Late Payments If undisputed Fees are more than thirty (30) days overdue, then, following written notification from Techo, Techo may suspend Customer’s access to the Techo Digital, including, without limitation, Customer’s Account, until such unpaid Fees are paid in full.
Payment Disputes Techo will not exercise its rights under Section 5(b) (Late Payments), 6(d) (Termination for Cause), or Section 6(c)(i) (Suspension of Service) with respect to non-payment by Customer if Customer is disputing the applicable charges reasonably and in good faith and is cooperating diligently to resolve the dispute. If the parties are unable to resolve such a dispute within thirty (30) days, each party will have the right to seek any remedies it may have under this Agreement, at law or in equity, irrespective of any terms that would limit remedies on account of a dispute. For clarity, any undisputed amounts must be paid in full.
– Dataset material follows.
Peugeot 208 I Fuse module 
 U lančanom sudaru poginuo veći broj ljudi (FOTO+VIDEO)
Applicable Taxes The Fees do not include any taxes, levies, duties, or similar governmental assessments, including value-added, sales, use, or withholding taxes assessable by any local, state, provincial or foreign jurisdiction (collectively “Taxes”). Customer agrees to pay applicable direct or indirect Taxes associated with its purchases hereunder, which, to the extent, Techo is legally required to collect the same, will be itemized on the Techo invoice. If Customer has an obligation to withhold any amounts under any law or tax regime, Customer will gross up the payments so that the Techo receives the amount actually quoted and invoiced. If Techo has the legal obligation to pay or collect Taxes for which Customer is responsible under this section, the appropriate amount will be invoiced and paid by the Customer, unless, prior to the invoice date, the Customer provides Techo with a valid tax exemption certificate authorized by the appropriate taxing authority.
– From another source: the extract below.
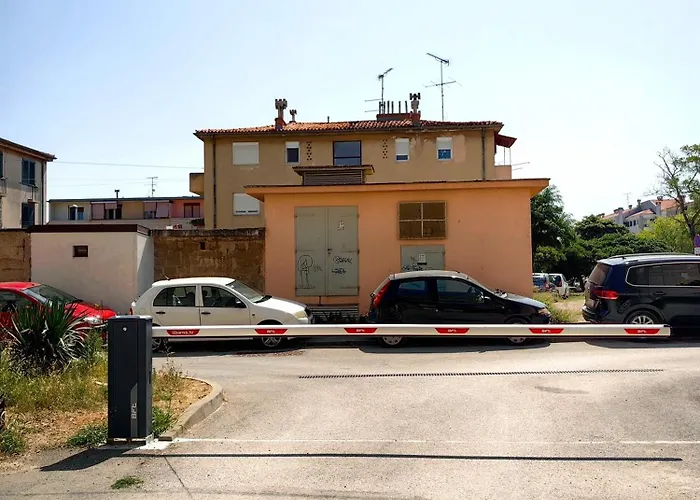 Andreas - Amphitheater With Free Parking- Διαμέρισμα Πούλα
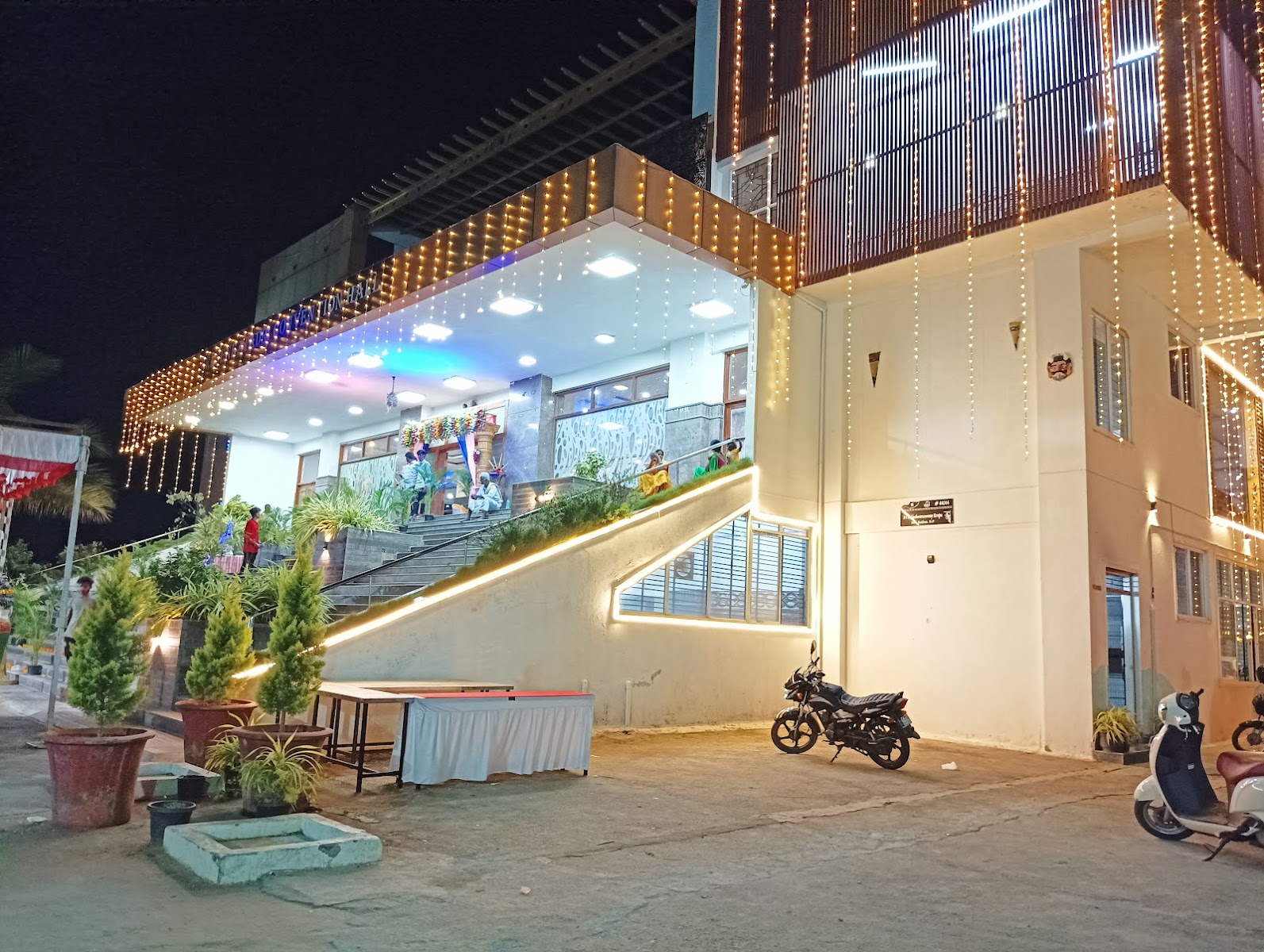 Sri Venkatadri Convention Hall — Banquet Hall in Kanakapura Road, Bangalore (on-site parking, in-house decoration, DJ permitted, bar service available) — photo 2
Orders by Affiliates Customer’s Affiliates may purchase Services directly from Techo by executing a SOF which is governed by the terms of this Agreement. Such SOF will establish a new and separate agreement between the Customer’s Affiliate and the Techo entity signing such SOF. If the Affiliate resides in a different country than the Customer, then the SOF may include modifications to terms applicable to the transaction(s) (including but not limited to tax terms and governing law).
Purchases from Channel Partners Customer may procure the use of any Services, Software, or Mobile Apps from a third-party authorized reseller of Techo, including third-party marketplaces (“Channel Partner”) pursuant to a separate agreement with the Channel Partner. Customer’s use of any Services, Software, or Mobile Apps procured through a Channel Partner will be subject to the terms of this Agreement, and all fees payable (including applicable taxes) for such use will be payable to the Channel Partner pursuant to the terms agreed to between Customer and Channel Partner. Customer understands and agrees that, if Customer purchased the Services, Software, or Mobile Apps subscriptions via a Channel Partner, service credits and refunds payable under this Agreement may be payable or applied by Channel Partner acting on behalf of Techo in proportion to the fees paid by Customer to the Channel Partner, and the discharge by the Channel Partner of such obligations will relieve Techo of the same under this Agreement
Term, Termination, and Suspension
Term This Agreement is effective as of the Effective Date (or, for online Customers, the date of sign up on the Website) and will continue through the then-current Subscription Term. Service Plans commence on the start date specified in the relevant SOF (or, for online Customers, the date of signing up on the Website) and continue for the Subscription Term specified therein
Renewal Unless a party gives written notice of non-renewal at least sixty (60) days prior to the expiration of the relevant Subscription Term, Service Plans will automatically renew for a period equal to the previous Subscription Term or one year (whichever is shorter). Tech reserves the right to increase the Fees at the beginning of each Subscription Term.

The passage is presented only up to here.